When 90 percent of states signed on to subject K-12 students to the Common Core math and English standards being pushed by the federal government, the program looked like an unqualified success. Kids around the nation would be tested once a year in grades 3-8 in math and English language arts, and once in high school, either in the 10th or 11th grades. Finally, students throughout the country could be measured by the same yardstick, long before taking college entrance exams. Local districts that excelled at educating children could be singled out, and ones who lagged could also be identified in order to address problems.

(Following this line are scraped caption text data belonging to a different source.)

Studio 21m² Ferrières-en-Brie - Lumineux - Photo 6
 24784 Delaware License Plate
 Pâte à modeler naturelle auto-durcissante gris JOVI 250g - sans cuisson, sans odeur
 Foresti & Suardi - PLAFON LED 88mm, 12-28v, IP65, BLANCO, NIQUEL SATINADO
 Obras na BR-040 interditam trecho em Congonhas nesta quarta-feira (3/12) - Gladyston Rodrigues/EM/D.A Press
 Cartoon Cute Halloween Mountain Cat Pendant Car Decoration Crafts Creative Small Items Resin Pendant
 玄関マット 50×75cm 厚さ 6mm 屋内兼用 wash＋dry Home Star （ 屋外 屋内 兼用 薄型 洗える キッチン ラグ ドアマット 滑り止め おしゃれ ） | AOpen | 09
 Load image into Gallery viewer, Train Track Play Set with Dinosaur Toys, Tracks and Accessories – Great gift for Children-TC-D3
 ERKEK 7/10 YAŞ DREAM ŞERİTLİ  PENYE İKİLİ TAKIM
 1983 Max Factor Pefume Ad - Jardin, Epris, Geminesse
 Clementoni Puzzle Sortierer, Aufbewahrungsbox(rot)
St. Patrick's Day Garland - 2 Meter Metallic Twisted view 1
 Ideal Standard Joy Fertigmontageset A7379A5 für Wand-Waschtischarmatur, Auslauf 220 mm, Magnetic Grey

But if what happened in New York and Kentucky, two of the 45 states that have signed on to the Common Core State Standards Initiative, is any indication, the chaos has only just begun. Those states administered their own standardized tests aligned with Common Core, and the results were disastrous. Just 31 percent of New York students in the third through eighth grades were deemed proficient in math and English on the new tests, down about 50 percent from the traditional test given the year before. Kentucky, which also implemented its own Common Core-aligned tests, experienced similar declines in scores.
Other states are waiting until at least 2014-15 to implement Common Core tests that are still in development. But at the state and district level, educators are tinkering with the curriculum in the hopes of having students prepared for the new tests – sometimes with disastrous results. In the affluent town of Fairfield, Conn., the school district last year adopted a new math curriculum for eighth- and ninth-graders called College Preparatory Math, with an eye toward the looming Common Core tests. But a year later, standardized test scores dipped and, according to one parent, Kelly Crisp, kids who had always done well in math were left disillusioned with the subject.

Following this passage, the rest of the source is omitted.